Set down, please, the line that contains "Mosaic knitting slip" and every line that follows it to the end of the records, exactly; do not include pictures.
··· SOURCE DATA
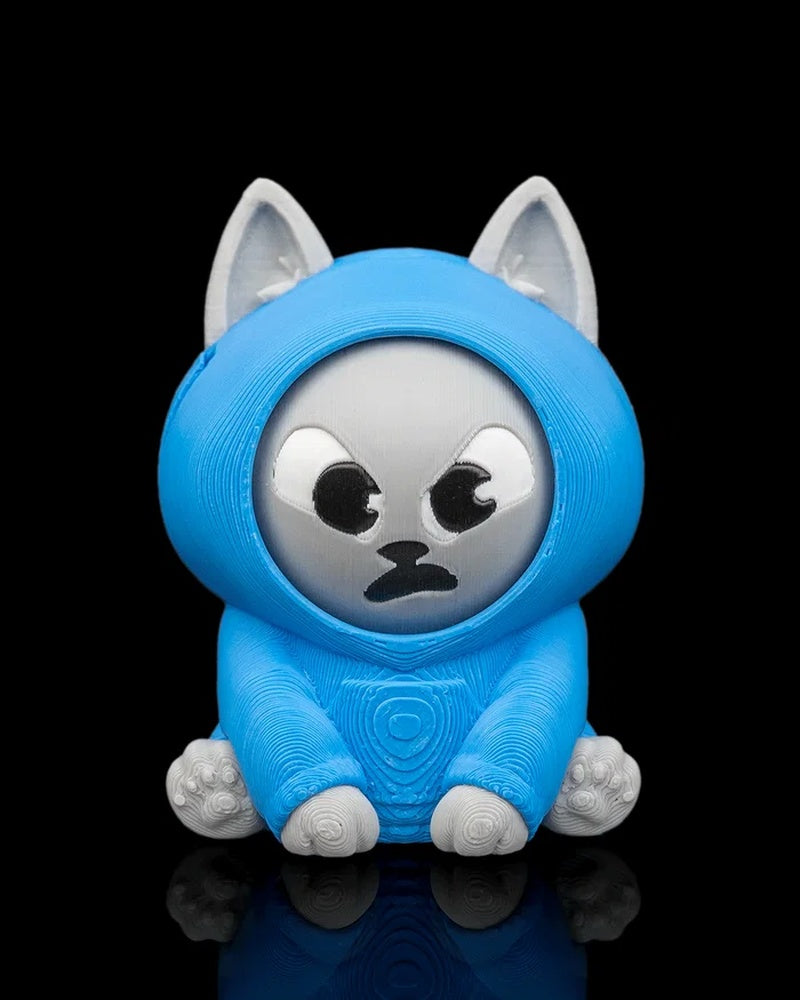 Front view of a blue hooded gray cat toy with an angry facial expression on a black background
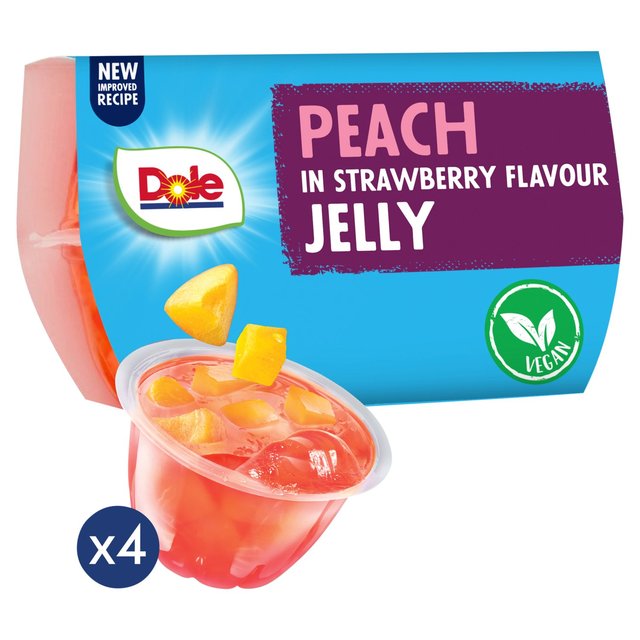 Dole Peach In Strawberry Jelly Pots Multipack, 4 x 123g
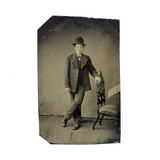 Standing, with Tall Hat and Pink Cheeks, Spare and Painterly Antique Tintype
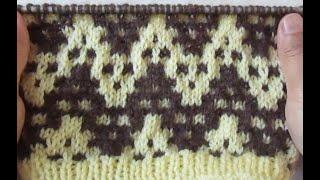 Mosaic knitting slip stitch 2 color pattern knit247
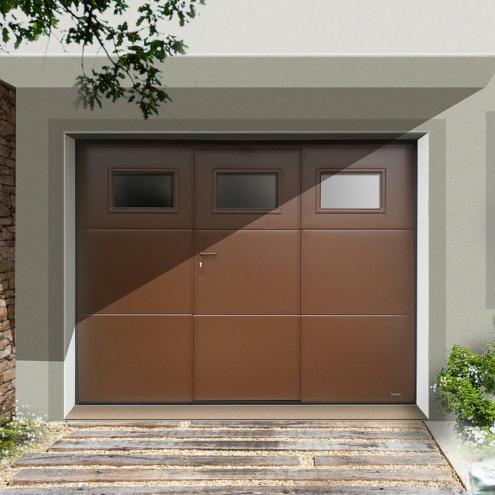 Porte sectionnelle battante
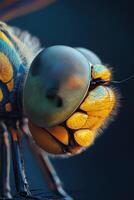 Dragonfly head showing compound eyes and ocelli in extreme close-up photo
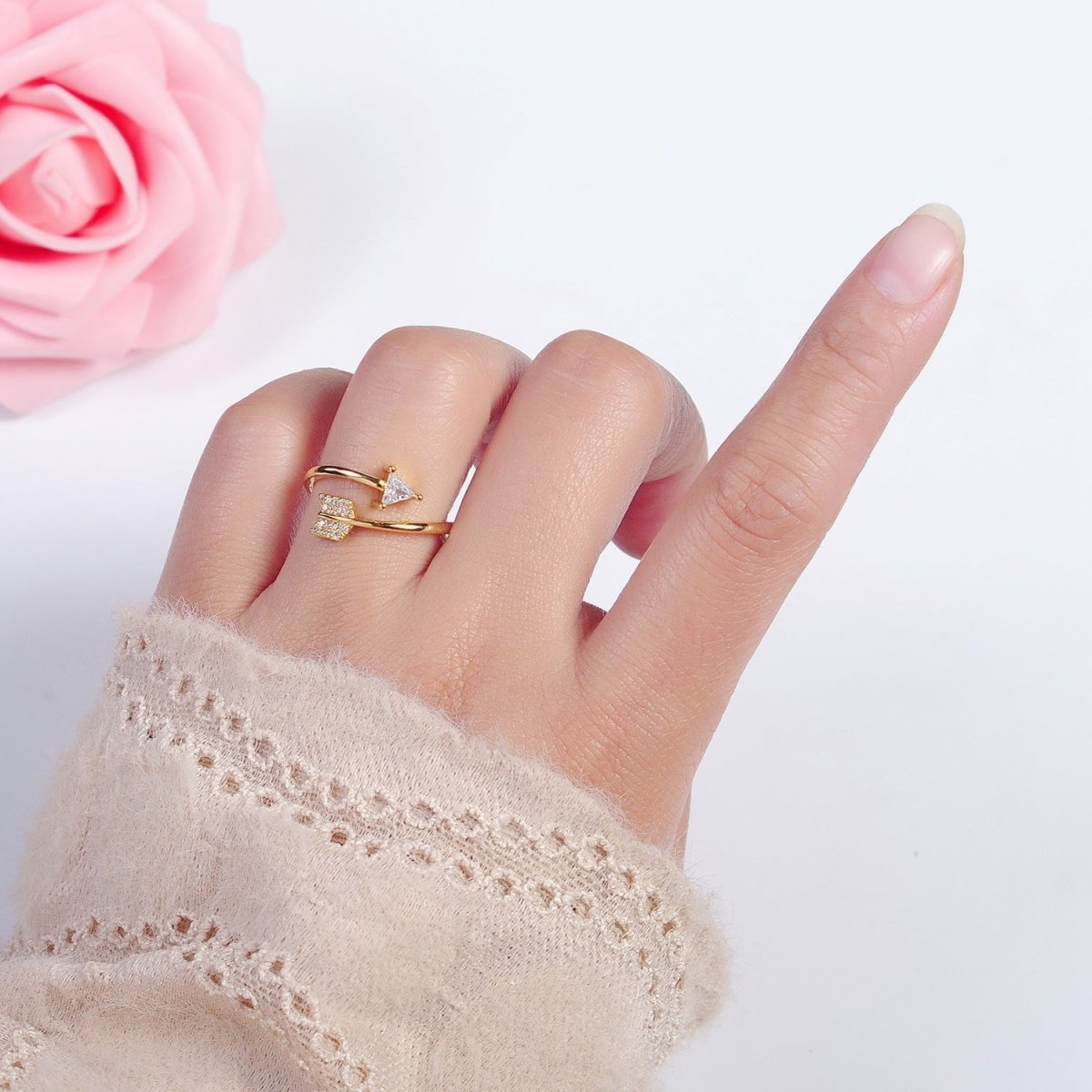 Dainty Gold Arrow Ring Wrap Ring, Adjustable Arrow Open ring, Sideways Arrow ring open with CZ O-2137 - DLUXCA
······
• ANSWER TO THIS PROBLEM:
 Mosaic knitting slip stitch 2 color pattern knit247
 Porte sectionnelle battante
 Dragonfly head showing compound eyes and ocelli in extreme close-up photo
 Dainty Gold Arrow Ring Wrap Ring, Adjustable Arrow Open ring, Sideways Arrow ring open with CZ O-2137 - DLUXCA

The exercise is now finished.